Well, the thing is, infinity/infinity isn't well defined and can take any value depending on the way it's derived. In this case, it is quite correct that all of these values are infinite.

[PM 2Ring]

In a non-orientable universe, wouldn't "going around the universe" turn matter into antimatter?

Maybe not, now that I think about it.

Well, it could. At the very least it would reverse the parity and hence the spin of fundamental particles, but that would only be obvious with neutrinos / antineutrinos, and the observational evidence is that neutrinos only spin one way relative to their direction of travel (and of course antineutrinos have the opposite spin). If we were in some kind of Möbius strip universe that converted matter into antimatter we'd expect the proportion of matter to antimatter to be rather even, and once again the evidence says "no".

However, a Möbius strip universe would not have a seam: its non-orientableness is a global property, so there's no region within it where a seam or a twist is located.

[Yakk]

The seam I was referring to was where matter-dominated switched over to antimatter dominated, where we define both locally (as they are relative concepts). Topologically there must be a seam (or, a connected region that separates two parts of the universe, where neither matter nor anti-matter is dominant) if reversing the orientation of matter involves switching it from matter to anti-matter.
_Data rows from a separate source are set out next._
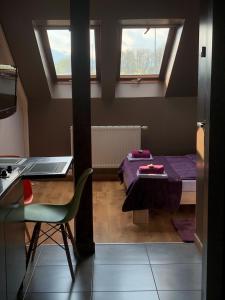 Posteľ alebo postele v izbe v ubytovaní Apartamenty Maria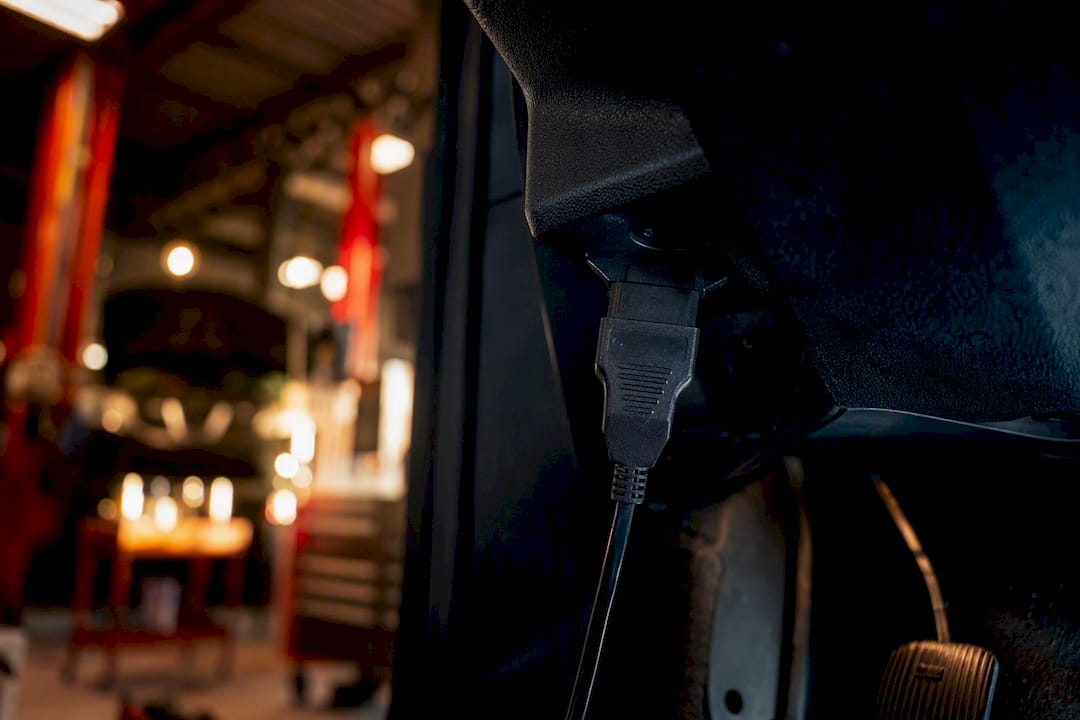 Diagnostic tool connected to car OBD port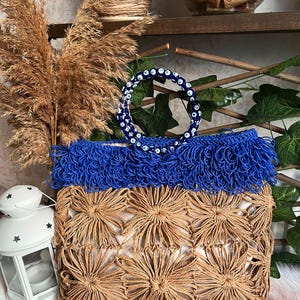 May include: A handcrafted tote bag with a natural woven base and a vibrant blue fringe top. The bag features a decorative handle adorned with blue and white beads. The bag's design incorporates a floral pattern, creating a unique and stylish accessory.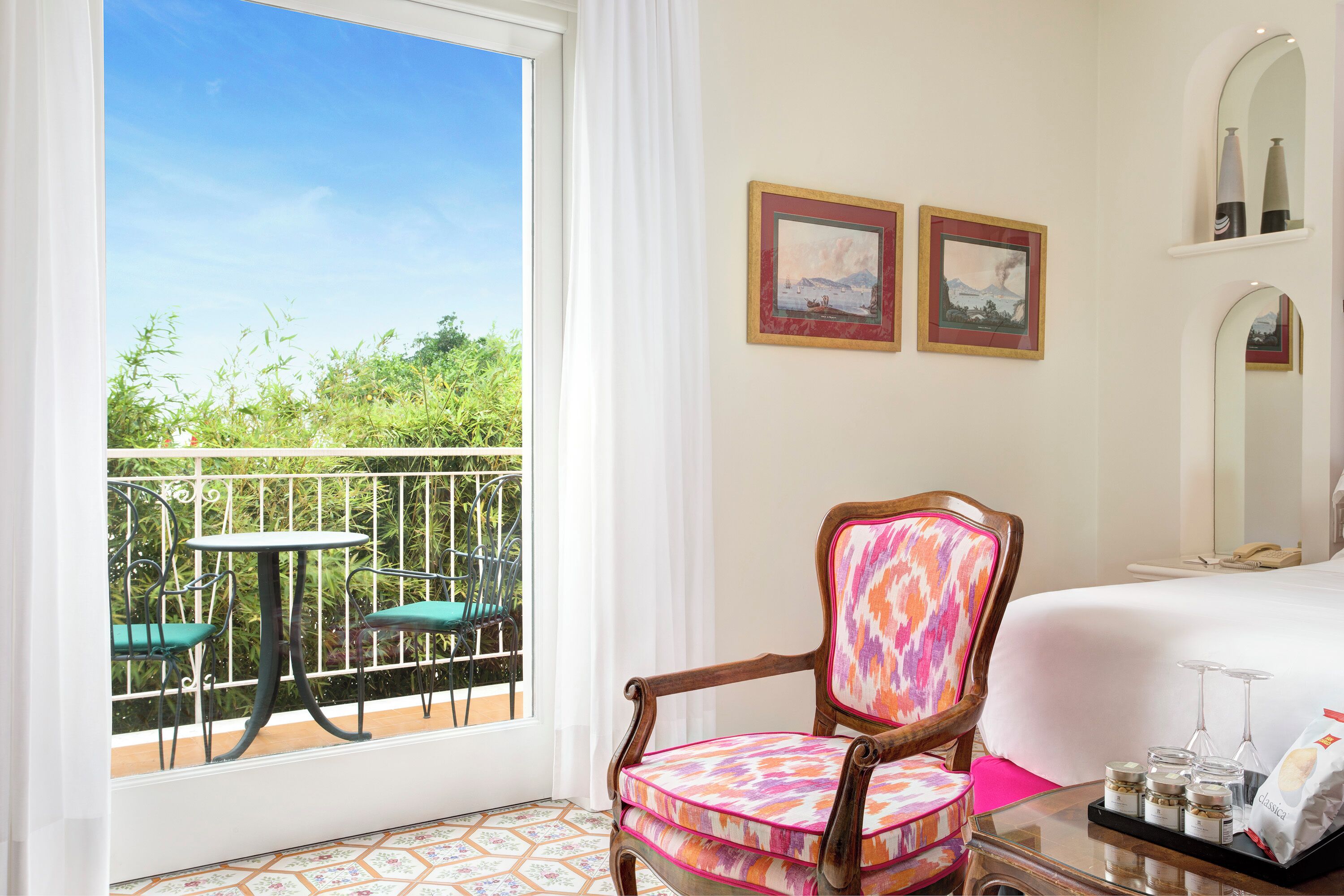 Une chambre d’hôtel avec un balcon, un lit, une chaise et une table sur laquelle se trouvent divers objets.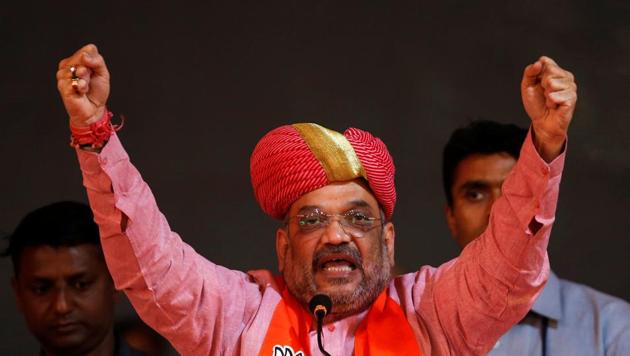 Amit Shah gestures as he is felicitated by BJP party workers for the party’s victory in the Uttar Pradesh assembly elections, in Ahmedabad. (Reuters Photo) Amit Shah gestures as he is felicitated by BJP party workers for the party’s victory in the Uttar Pradesh assembly elections, in Ahmedabad. (Reuters Photo)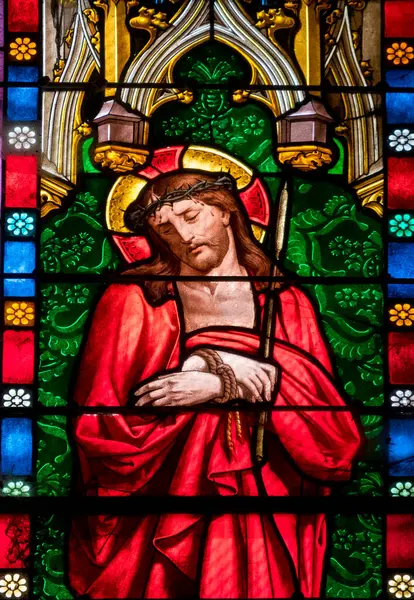 Miradoux, Fransa - 05-01-2025: İsa 'nın Tutkusu' nun lekeli camları (19. yüzyıl): İsa 'nın aşağılanması veya alay edilmesi.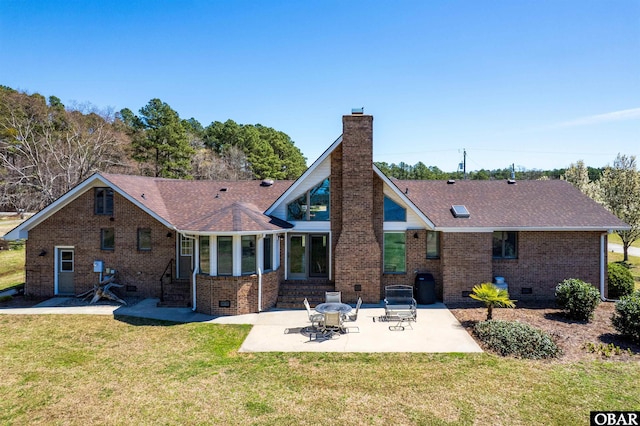 rear view of property featuring a lawn, crawl space, entry steps, brick siding, and a chimney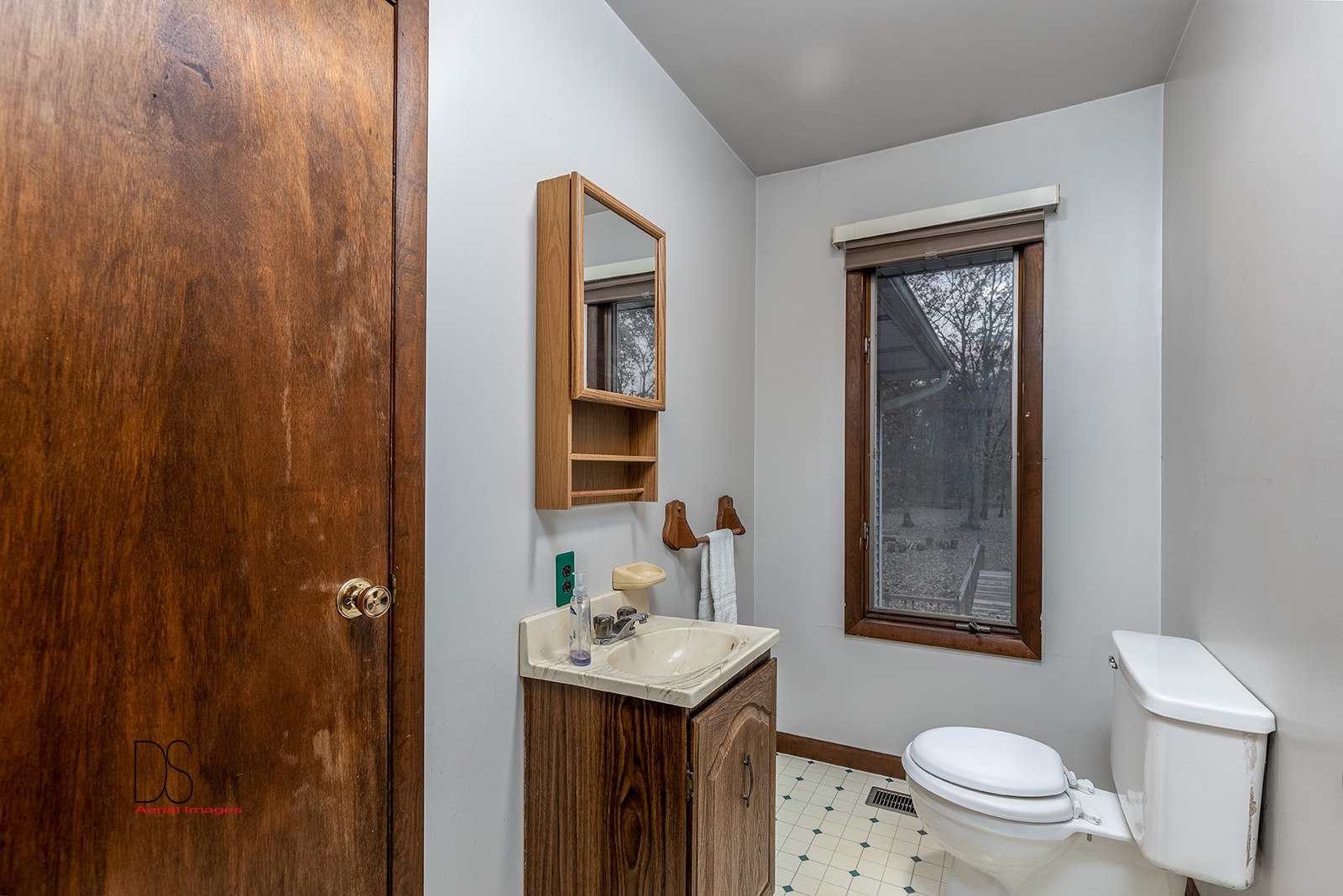 2863 East 2575th Road Marseilles, IL 61341 - Photo 30 of 37 a bathroom with a sink a toilet and shower curtain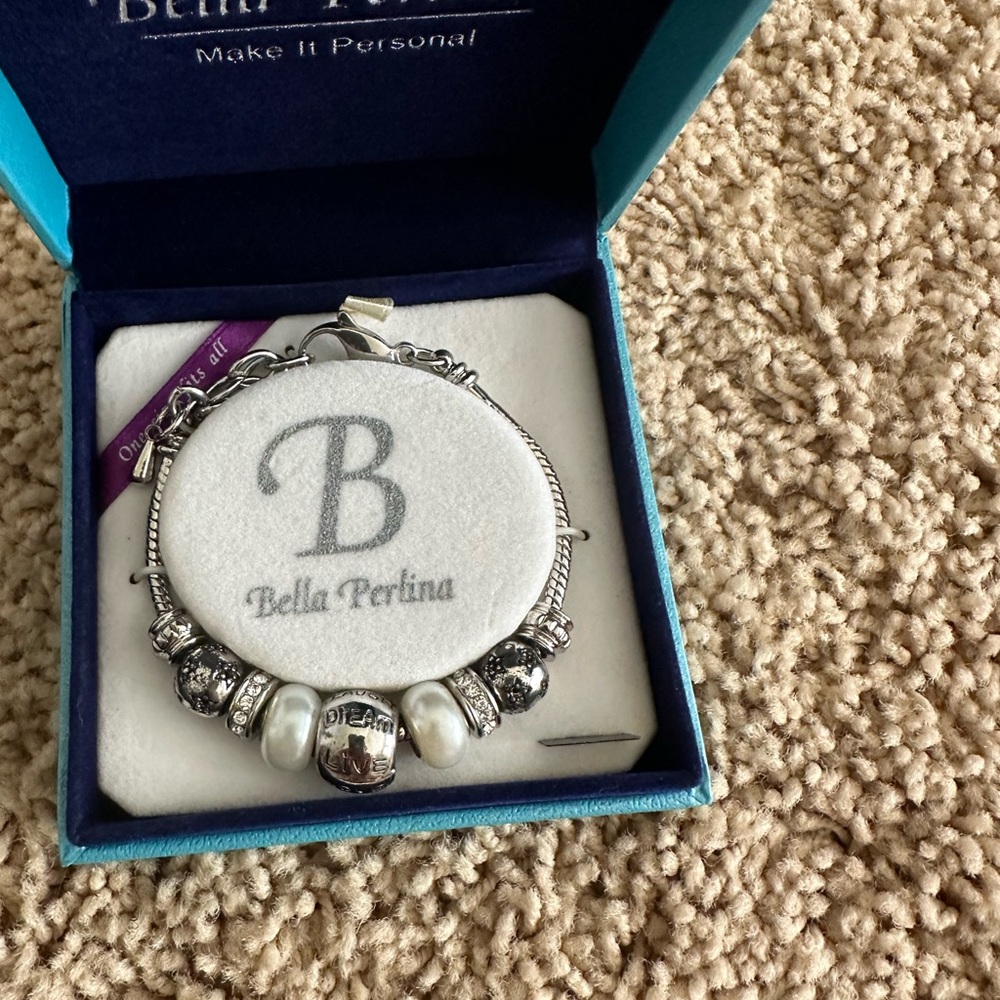 Bella Perlina charm bracelet. It has the words live laugh love on it.

New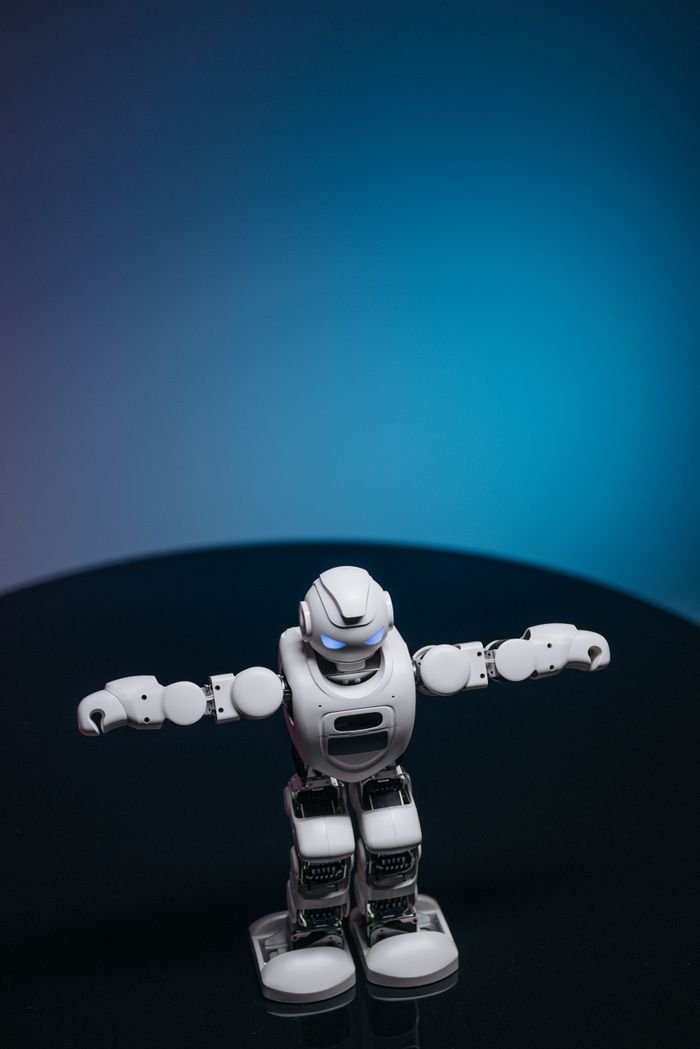 Crafting Captivating Headlines: Your awesome post title goes here White toy robot with glowing eyes posed in a studio setting against a dark background.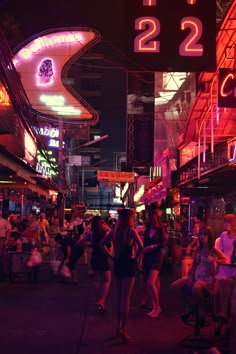 many people are walking down the street at night with neon signs on buildings in the background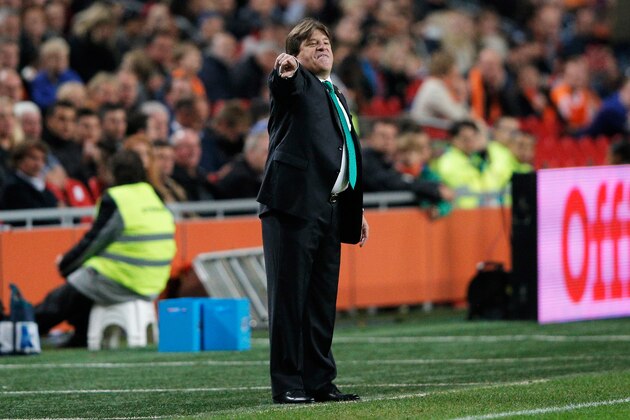 AMSTERDAM, NETHERLANDS - NOVEMBER 12:  Mexico Head Coach / Manager, Miguel Herrera gives his team instructions during the international friendly match between Netherlands and Mexico held at the Amsterdam ArenA on November 12, 2014 in Amsterdam, Netherlands.  (Photo by Dean Mouhtaropoulos/Getty Images)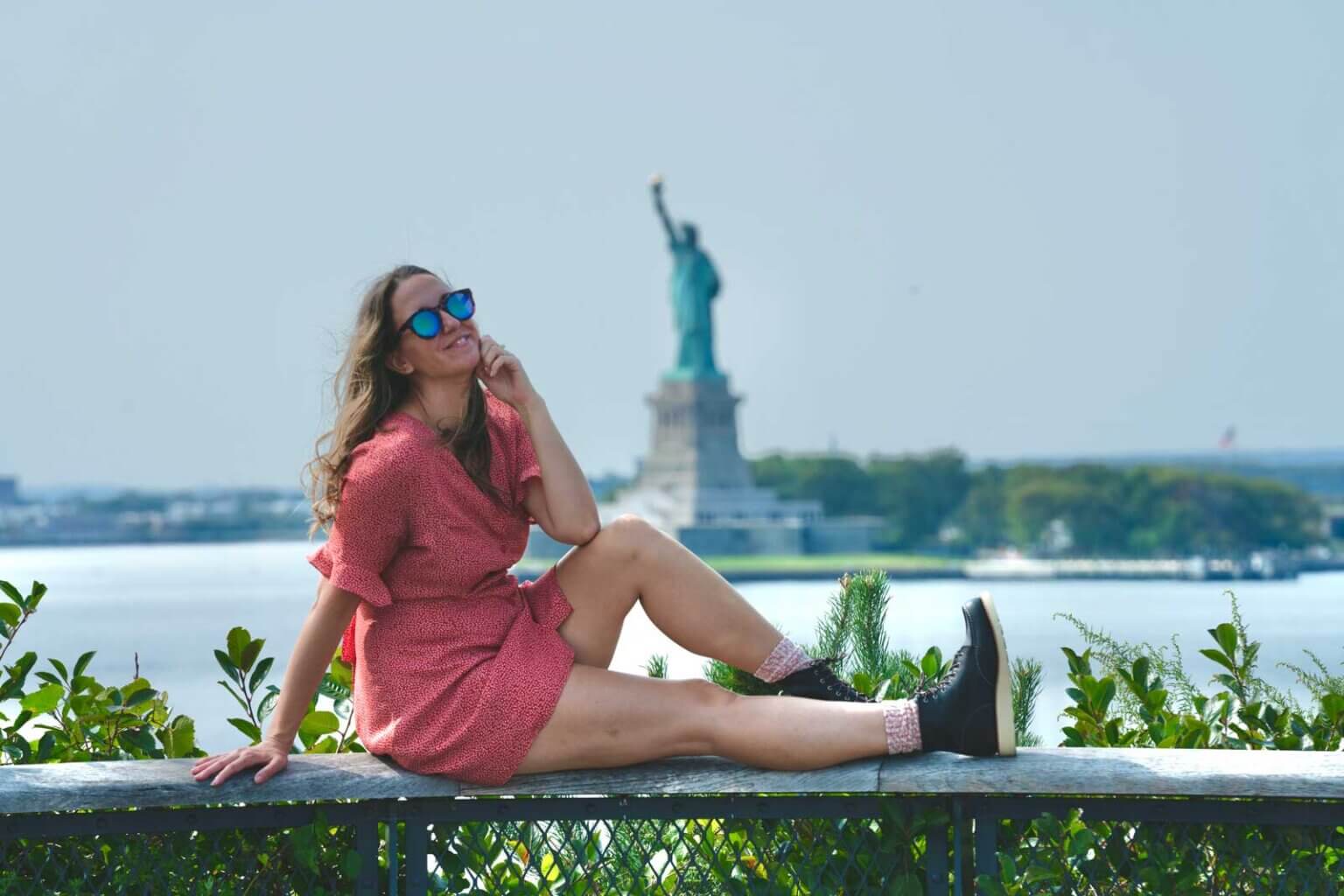 megan-at-the-hill-on-governors-island-in-nyc-with-the-statue-of-liberty-in-the-background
This seam need not be unique. Of course, in a 4d non-orientable universe, that seam could be temporal.

[ekolis]

By topology -- if you have space that looks "locally flat" and n-dimensional (like ours), for it to have no edge that folds back on itself requires that it be "curved" like a ball. There doesn't appear to be a way around it. Now, the larger the ball, the smaller the curvature.

We cannot detect any such curvature -- so either the ball is ridiculously (and I mean ridiculously) large, or the universe is actually flat.

What about a "hyperbolic" universe that does have an edge, but the closer you get to the edge, the slower the speed of light is (or the more your mass increases, or some other limiting factor), so you can never actually reach the edge?

[mfb]

That looks like something you could modify to an infinite universe just by coordinate transformations. And as General Relativity teaches us, coordinates are arbitrary and without physical meaning.
If the universe changes in some way near the border region, we would live in a special place (not near the border), which is possible but may be unlikely, depending on your universe structure.

[PM 2Ring]

That looks like something you could modify to an infinite universe just by coordinate transformations. And as General Relativity teaches us, coordinates are arbitrary and without physical meaning.
If the universe changes in some way near the border region, we would live in a special place (not near the border), which is possible but may be unlikely, depending on your universe structure.

Yep. In fact, you can convert a Euclidean space into a hyperbolic one that way: the Poincaré disk model of hyperbolic space, which Escher illustrated in his Circle Limit IV (at the suggestion of the Penroses). IIRC, Poincaré first thought of the Poincaré disk in terms of a systematic modification of lightspeed as a function of radius.